Бал для принцессы
А всё снова стало нормально. Ровно, как линия горизонта. Такие чувства Игната ко мне, в то время как мои чувства к нему пылают, как закат.
Когда я пришла утром домой — мать спала на кухне, а отца уже не было. Она кричала на меня, плакала, обвиняла в том, что я неблагодарная дочь, а потом вдруг обняла и сказала больше никогда так не пропадать. Я же стояла столбом — просто не могла ничего не сделать. Не могла ничего сказать.
Игнат не позволял себе больше того срыва. Он снова стал таким, каким и был всё это время — циничным, насмешливым и бесконечно, бесконечно привлекательным. Когда я смотрела на него, не видела того слабого, почти безжизненного человека, ощущала лишь снова ту потребность, от которой у меня сносило крышу всегда. Но стоило мне заснуть, я вновь и вновь натыкалась на эти стеклянные серые глаза, слышала тихий, надломленный голос, чувствовала его дрожащее в конвульсиях ломки тело. И просыпалась неизменно в слезах. День уносил мои кошмары, страхи, как и Игнат, не дающий пока поводов сомнений. Но всё внутри всё равно дрожало — а вдруг снова, вдруг он не сдержится, что я буду делать потом?..
Погибну. Просто погибну. Потому что тогда его не будет для меня.
Шли дни. Я ходила на вечеринки к Игнату, где чувствовала себя неизменно окрылённой — ведь он со мной. Он моя константа. Время приближалось к Новому году. И всё было относительно тихо, однообразно, пока на небе не грянул гром.
— Тай, а ты в чём пойдёшь на бал? — я вздрагиваю, когда слышу этот сладкий голос, проникнутый, однако, ядовитыми интонациями. Поворачиваю голову и тут же непроизвольно кривлю губы в презрительной усмешке, хотя знаю, что глаза смотрят испуганно, как у лани, загнанной в угол. Как и всегда, впрочем.
«Красавица» всея школы Андрейцева со своей безмолвной и поддакивающей в нужных местах свитой. И всё бы ничего, типичная клишированная персонажка. И даже они не конфликтовали со мной... но то, как они кривили губы, стоило им кинуть на меня редкий, будто мимолётный презрительный взгляд, как высокомерно разговаривали, словно я пыль под их ногами. Словно я недостойна даже дышать одним с ними воздухом. А я и сказать ничего не могла, что только давало им повод увериться в своих убеждениях.

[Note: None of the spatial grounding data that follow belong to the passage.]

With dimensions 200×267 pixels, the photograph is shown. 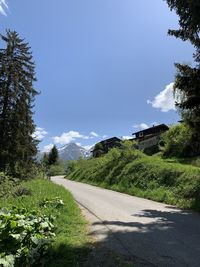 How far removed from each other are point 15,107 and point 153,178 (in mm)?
14793

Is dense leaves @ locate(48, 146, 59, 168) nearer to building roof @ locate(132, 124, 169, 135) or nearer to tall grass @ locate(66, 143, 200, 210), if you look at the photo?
building roof @ locate(132, 124, 169, 135)

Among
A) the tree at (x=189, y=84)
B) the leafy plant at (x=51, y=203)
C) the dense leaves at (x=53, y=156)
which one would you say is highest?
the dense leaves at (x=53, y=156)

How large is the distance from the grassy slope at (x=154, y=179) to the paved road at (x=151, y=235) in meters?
3.81

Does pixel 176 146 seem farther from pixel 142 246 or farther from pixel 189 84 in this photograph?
pixel 142 246

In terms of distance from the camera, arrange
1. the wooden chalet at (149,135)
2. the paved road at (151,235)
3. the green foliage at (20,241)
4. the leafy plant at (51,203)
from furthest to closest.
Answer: the wooden chalet at (149,135), the leafy plant at (51,203), the paved road at (151,235), the green foliage at (20,241)

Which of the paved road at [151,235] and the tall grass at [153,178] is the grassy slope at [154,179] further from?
the paved road at [151,235]

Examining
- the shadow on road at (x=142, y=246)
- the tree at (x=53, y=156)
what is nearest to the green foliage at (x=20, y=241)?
the shadow on road at (x=142, y=246)

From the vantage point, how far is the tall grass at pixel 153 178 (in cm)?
1888

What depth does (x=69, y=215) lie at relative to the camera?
1269 centimetres

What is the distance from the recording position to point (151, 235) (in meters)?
9.92

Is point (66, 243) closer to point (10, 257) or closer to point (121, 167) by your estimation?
point (10, 257)

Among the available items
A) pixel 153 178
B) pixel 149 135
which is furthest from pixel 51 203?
pixel 149 135

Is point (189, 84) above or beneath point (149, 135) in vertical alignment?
beneath

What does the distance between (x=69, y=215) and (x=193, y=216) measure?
486 centimetres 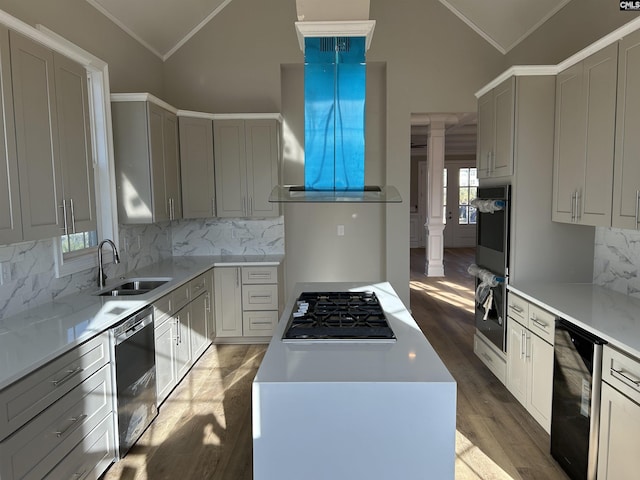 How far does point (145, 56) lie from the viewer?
446cm

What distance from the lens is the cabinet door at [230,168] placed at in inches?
180

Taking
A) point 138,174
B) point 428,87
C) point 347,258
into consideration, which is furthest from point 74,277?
point 428,87

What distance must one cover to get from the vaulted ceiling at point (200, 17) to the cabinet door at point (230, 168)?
106 centimetres

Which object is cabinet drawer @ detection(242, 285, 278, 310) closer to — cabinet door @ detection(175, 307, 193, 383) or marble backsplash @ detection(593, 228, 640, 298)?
cabinet door @ detection(175, 307, 193, 383)

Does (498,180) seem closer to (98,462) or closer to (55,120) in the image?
(55,120)

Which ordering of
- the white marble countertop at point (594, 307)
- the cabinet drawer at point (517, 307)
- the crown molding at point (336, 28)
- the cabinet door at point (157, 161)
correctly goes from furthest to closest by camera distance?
the cabinet door at point (157, 161), the cabinet drawer at point (517, 307), the crown molding at point (336, 28), the white marble countertop at point (594, 307)

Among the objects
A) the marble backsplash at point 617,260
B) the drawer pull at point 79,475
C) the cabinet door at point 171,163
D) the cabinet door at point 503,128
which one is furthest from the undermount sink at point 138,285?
the marble backsplash at point 617,260

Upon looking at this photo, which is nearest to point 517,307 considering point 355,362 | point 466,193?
point 355,362

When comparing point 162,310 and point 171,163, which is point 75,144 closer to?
point 162,310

— Хотя... главное, ведь не в чём, а... с кем, правда, Тай? — Андрейцева хитро щурит ярко подведённые глаза, усмехается сладко-сладко, словно девочка-сахар. Хотя такой она и была.
— О чём ты говоришь? — тихо, спокойно спросила я, но голос всё-таки сорвался чуть-чуть от удивления.
Свита переглянулась и захихикала.
— Новогодний бал. Каждый год в нашей школе. А в этом году даже разрешается приходить с парнями не из школы, — и дива мечтательно закатила глаза. Я тоже закатила глаза, только вовсе не мечтательно и совсем незаметно. А потом девушка снова лукаво улыбнулась, глядя на меня с приподнятой бровью: — Бал — это твой шанс, Селезнёва. Причём последний. Для нашей Золушки, да, девушки? А то всё ждём прекрасного преображения, ждём, ждём, а его всё нет и нет... Уж не подведи, милочка. Хотя если ты не придёшь, мы поймём.
И улыбки такие снисходительные, что я скрипнула зубами.
— Я приду, — ответила я сквозь стиснутые челюсти, но игрушка уже была никому не интересна — «красавицы» ушли, по пути пересмеиваясь сахарными хохотками о чём-то только им понятном.
И я решила. Преображение произойдёт.
* * *
Отмороженные пальцы уже привычно набирают давно выученный наизусть номер. Я сижу на ступеньках, пока снег ложится мне на голову, дрожу. Но мне нужно.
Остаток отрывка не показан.